Monday 5 July 2010

Tokyo away-day

Day 4 and the most exciting Japan day so far...

An overnight trip to Nikko - a designated world heritage site on account of its shrines and temples - marked our first foray away from the capital. Nikko can be reached by the Tobu line from Asakusa station and the journey - on the Rapid train, which is somehow slower than the Limited Express - takes 2 and a half hours. Becaase Nikko is such a hugely popular destination amongst Japanese and Gaijin alike, the train company does special two or three-day special deals, including train fare, admission to shrines and bus trips into Nikko's National Park.


The Tokyo Sky Tree under construction, viewed from Asakusa


It was well over an hour before we had put Tokyo's suburbs and coastal plain behind us and by the time we reached Nikko, at 568 metres, it was much cooler as well. Mind you, for mid-July, the day had a misty late autumn feel to it and rain was definitely in the air.
Despite being a major tourist trap and all the kitsch that goes with it, Nikko does retain an esoteric appeal with its wooded slopes, moss-covered walls and hidden corners. The 1000 yen ticket grants you access to five of the major shrines (Shinto) and temples (Buddhist) scattered around the hillside. One afternoon is sufficient to see all the religious sites, but - since you are shepherded round a waymarked route to each of these with everyone else - it can make the experience seem as if you're wandering around a themed shopping mall.

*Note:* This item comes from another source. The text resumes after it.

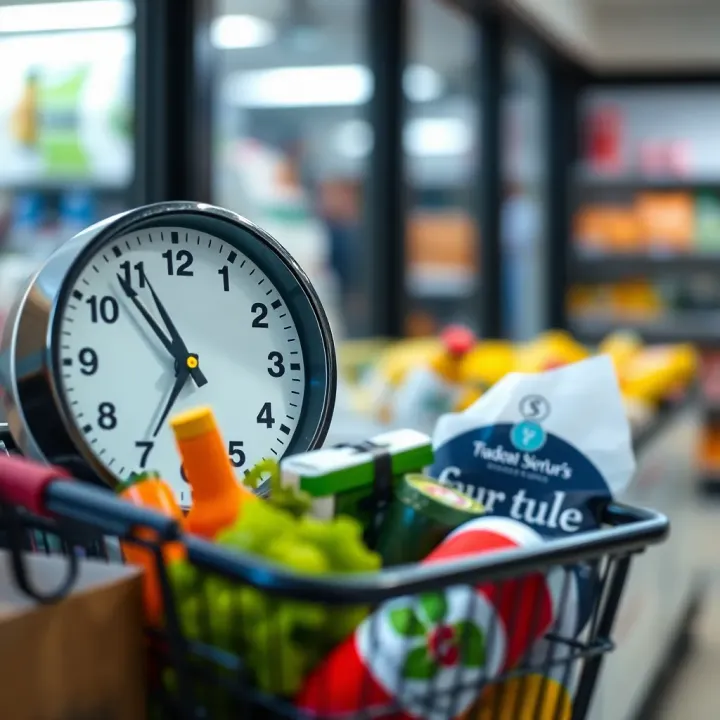 Clock showing typical opening time alongside a shopping basket filled with groceries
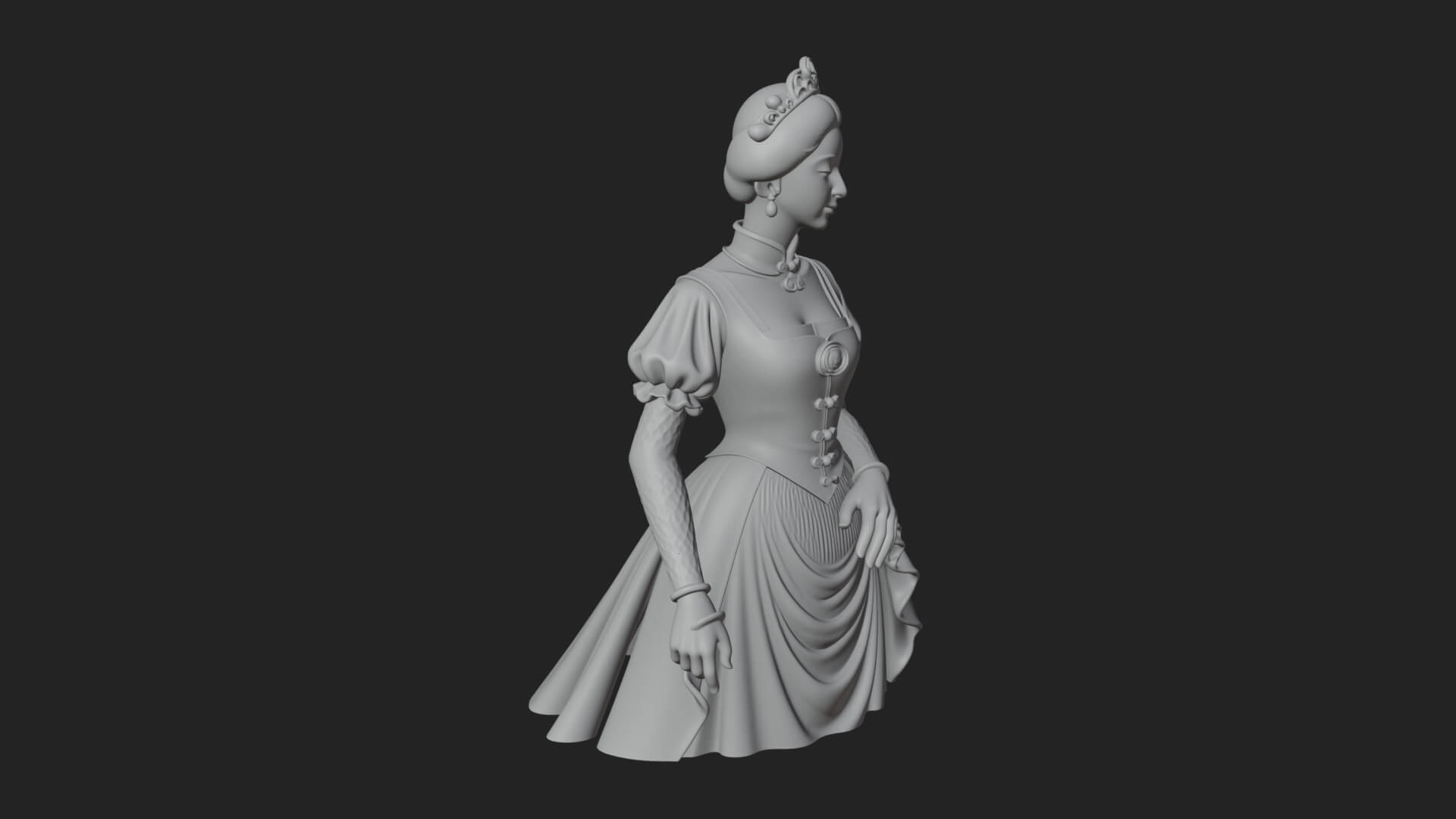 Victorian Lady Gown Statue Design 3 3D Print Model 3D Model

Five-storey pagoda at Toshu-Gu

The showpiece is probably Tosho-Gu a Shinto shrine whose original medieval design was completely rebuilt by an army of 15,000 artisans on the commission of Tokugawa Iemitsu, grandson of Tokugawa Ieyesu, the warlord who took control of Japan and established the shogunate that rules the country for more than 250 years. Taiyuin-Byo is the mausoleum that enshrines Iemitsu and is perhaps the most atmospheric, the steps rising steeply to the main temple in the middle of the forest.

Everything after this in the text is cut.